• [Task statement] Transcribe only the part of the material below that begins at the line containing "istock Image of" and ends at the line containing "The men danced at the Wimpy robot.", with both kept and images left out.

• [Recorded data]
+ + + + + + +

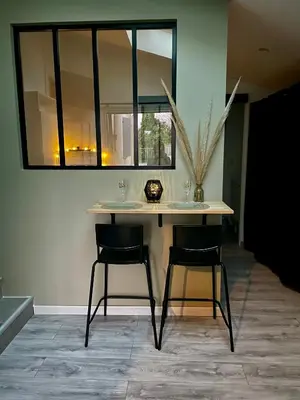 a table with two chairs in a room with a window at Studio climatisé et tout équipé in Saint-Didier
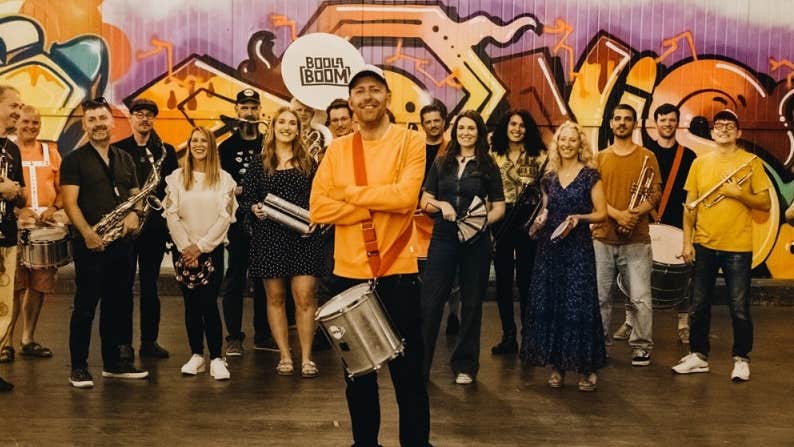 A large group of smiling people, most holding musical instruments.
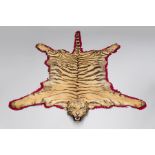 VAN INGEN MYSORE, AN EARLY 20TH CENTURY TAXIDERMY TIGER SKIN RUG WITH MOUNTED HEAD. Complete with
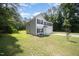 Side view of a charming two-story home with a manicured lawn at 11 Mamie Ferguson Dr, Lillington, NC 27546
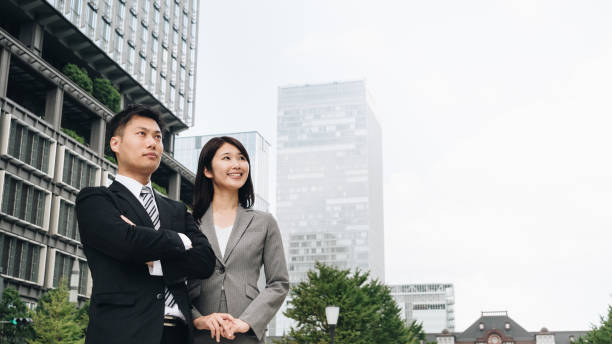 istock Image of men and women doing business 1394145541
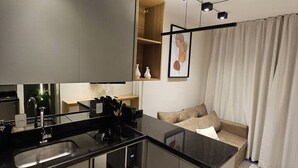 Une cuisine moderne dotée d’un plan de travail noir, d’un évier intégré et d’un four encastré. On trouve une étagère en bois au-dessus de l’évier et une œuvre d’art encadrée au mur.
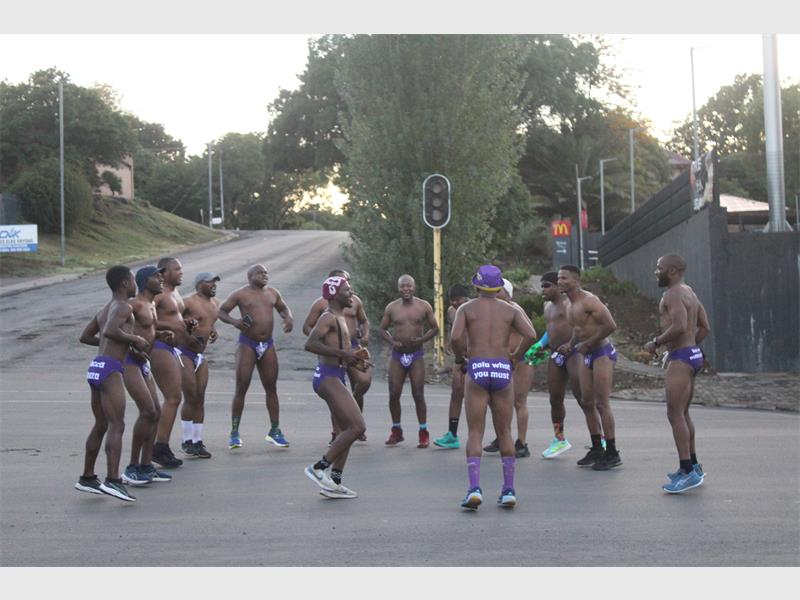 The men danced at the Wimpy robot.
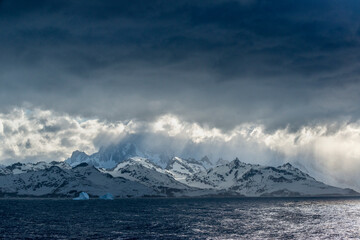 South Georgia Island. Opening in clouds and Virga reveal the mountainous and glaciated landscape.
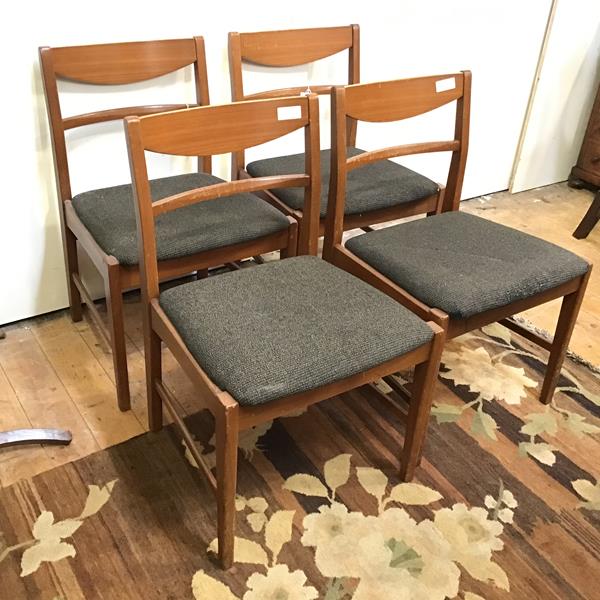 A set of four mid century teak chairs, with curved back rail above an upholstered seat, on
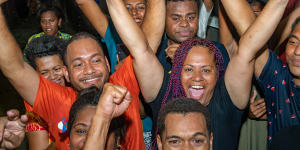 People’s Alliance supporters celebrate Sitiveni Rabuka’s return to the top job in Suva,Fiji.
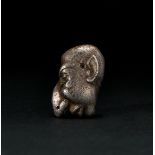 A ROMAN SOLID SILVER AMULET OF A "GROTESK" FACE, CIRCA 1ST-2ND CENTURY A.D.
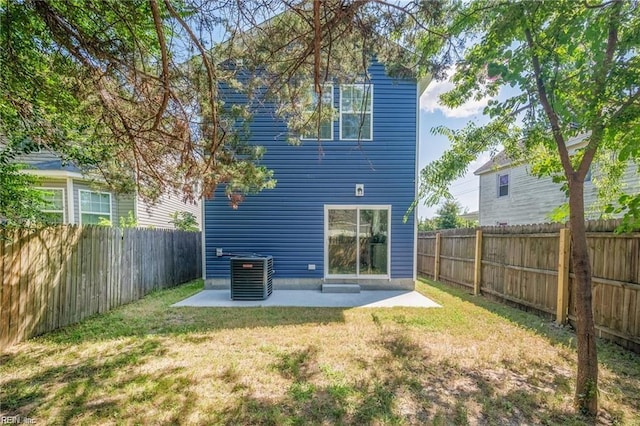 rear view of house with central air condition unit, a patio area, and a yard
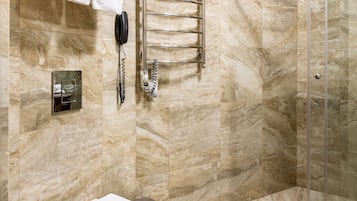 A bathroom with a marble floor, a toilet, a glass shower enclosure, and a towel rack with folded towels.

+ + + + + + +

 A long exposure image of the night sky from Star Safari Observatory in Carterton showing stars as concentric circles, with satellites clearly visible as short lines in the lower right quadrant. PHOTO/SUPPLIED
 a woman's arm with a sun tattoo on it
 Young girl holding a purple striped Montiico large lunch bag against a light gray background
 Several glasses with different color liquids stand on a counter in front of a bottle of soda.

+ + + + + + +

• [Response to this task]
 istock Image of men and women doing business 1394145541
 Une cuisine moderne dotée d’un plan de travail noir, d’un évier intégré et d’un four encastré. On trouve une étagère en bois au-dessus de l’évier et une œuvre d’art encadrée au mur.
 The men danced at the Wimpy robot.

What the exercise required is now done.